Love can heal a broken soul and shake up a timid heart. Or it can unleash devastation and revenge.

Will Aidan and Summer survive the hurricane?

 

Release September 15, available for pre-sale

$ 0.99 FREE with KU

On Amazon

 

 

 

 

 

 

 

 

   

I didn’t realize His Midnight Sun had a theme until well after I finished it. Honestly, I don’t write to teach, preach or any other significant and profound reason. I write to entertain. To give people a break. I like to think my stories are fairy tales for adults, where the characters go through changes and problems and tragedies, but will get to the happily ever after. The great Susan Elizabeth Phillips said that life is too short to waste with depressing books, and that sums perfectly the way I want my books to be.

An escape. Heaven knows if we all need it one sometimes.

So I didn’t have anything in mind other than telling Aidan’s story when I started.

And what do you know, I found myself with a phoenix’s story. A man who learns how to leave the past where it’s supposed to stay, who learns how to forgive himself and how to accept love. And through him, I discovered the same things. In many ways, Aidan’s story is my story, his demons are my demons, and because of him, I saw a way to boot them out.

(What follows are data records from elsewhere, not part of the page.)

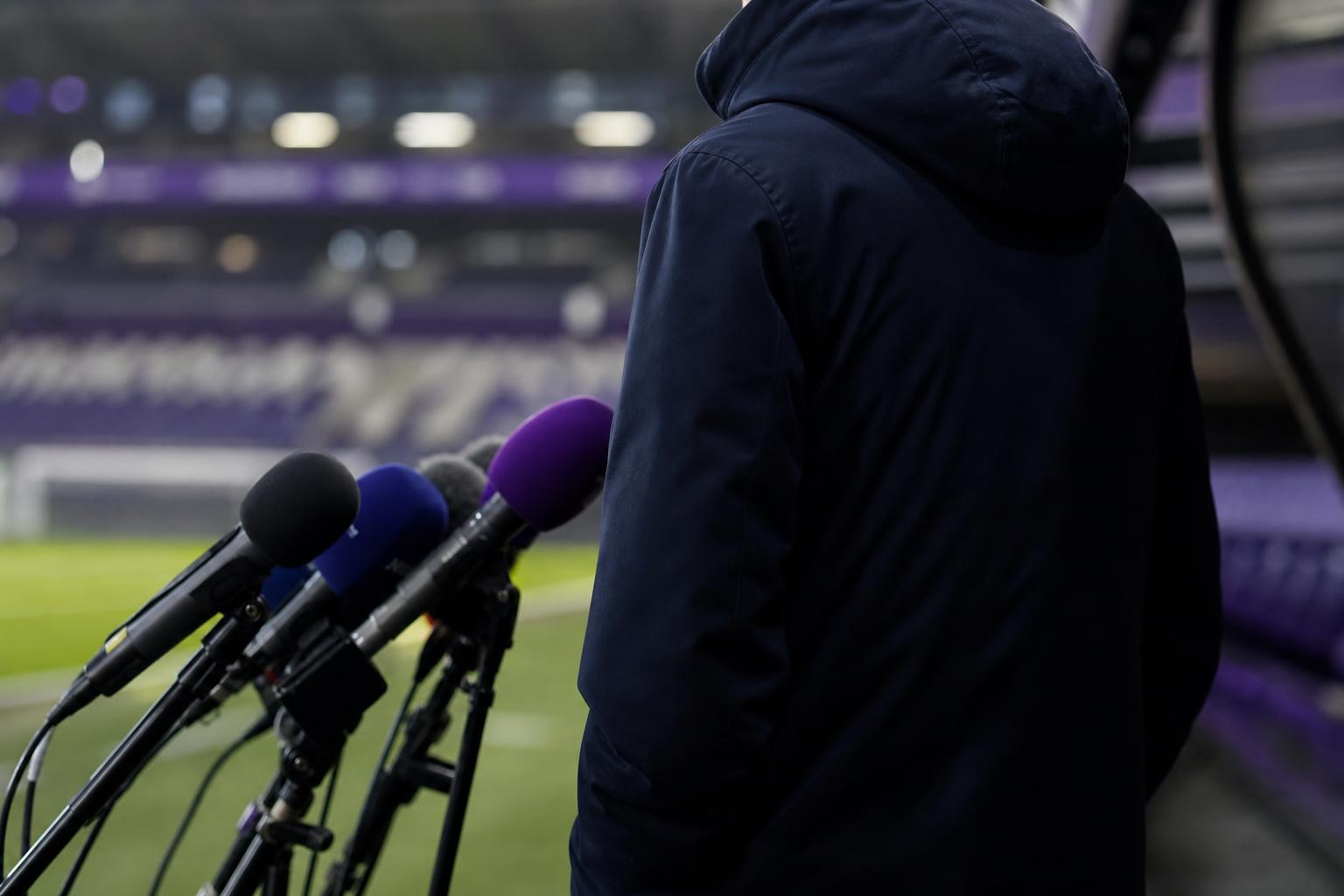 Gespannen perssetting rond RSC Anderlecht met microfoons en stadioncontext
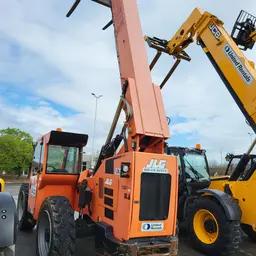 2016 SKYTRAK 8042 Forklift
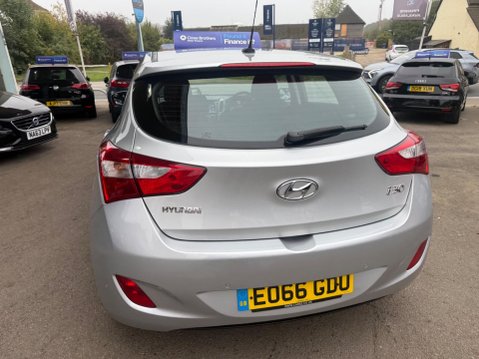 Hyundai i30 1.4 Blue Drive SE Nav Euro 6 (s/s) 5dr 11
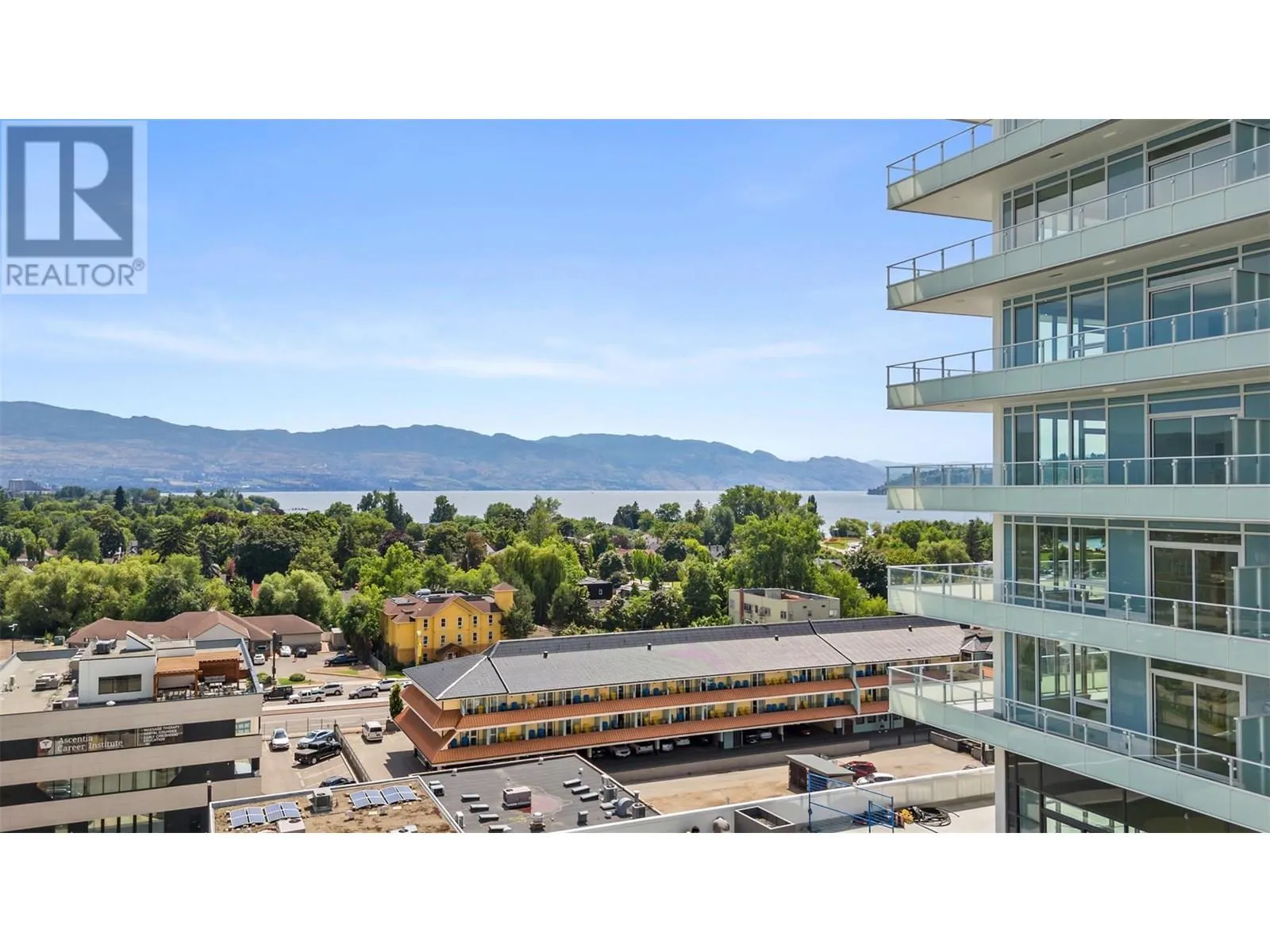 238 Leon Avenue Unit# 804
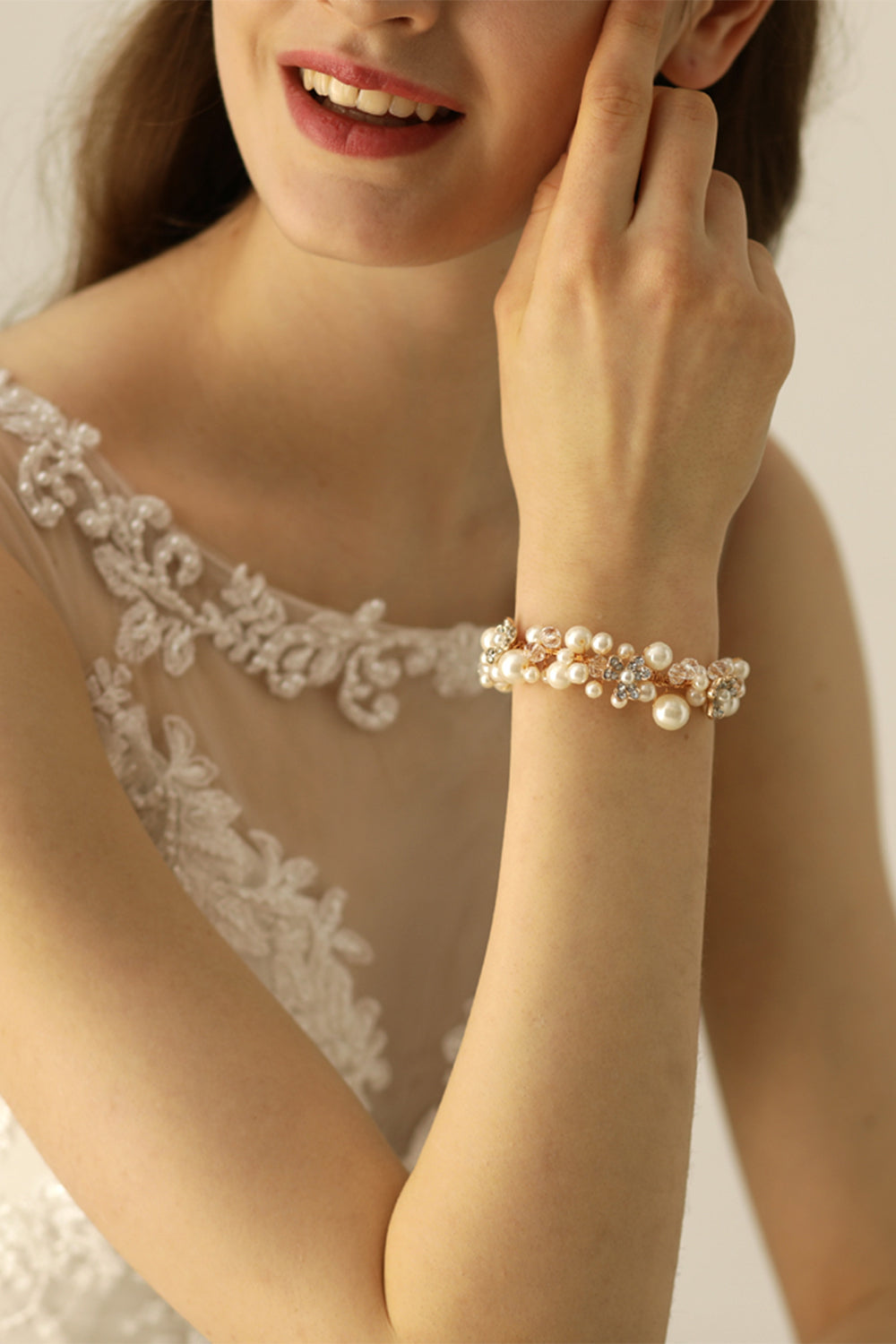 Noiva e damas de honor irmãs Pearl Wrist
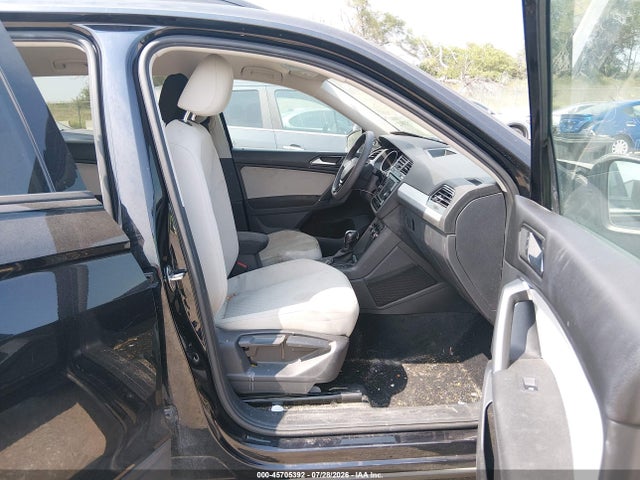 Продажа на аукционе авто 2018 Volkswagen Tiguan 2.0t S, vin: 3VV1B7AX6JM081346, номер лота: 45705392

Summer showed him the power of love–not just romantic love, but for the other people. For friends and strangers alike. Which turned out to be the theme of the book.

The healing power of love.

 

 

Excerpt

Chapter 1

 

Crescent Creek, early July.

With no fight left in him, Aidan Murphy sank down on the wooden floor of his home studio.

Done.

Aidan filled his burning sight with the finished, almost 7 feet tall piece of art. Hell to work on, pure and simple, but it couldn’t be helped, not when it had called to him with such powerful voice.

Two weeks earlier, he’d been wandering around the stone-site when his skin began humming, and his heart beating faster. Years of sculpting had taught him how to hear the calling, the silent scream of whatever form lay trapped inside the rocks begging him to free it.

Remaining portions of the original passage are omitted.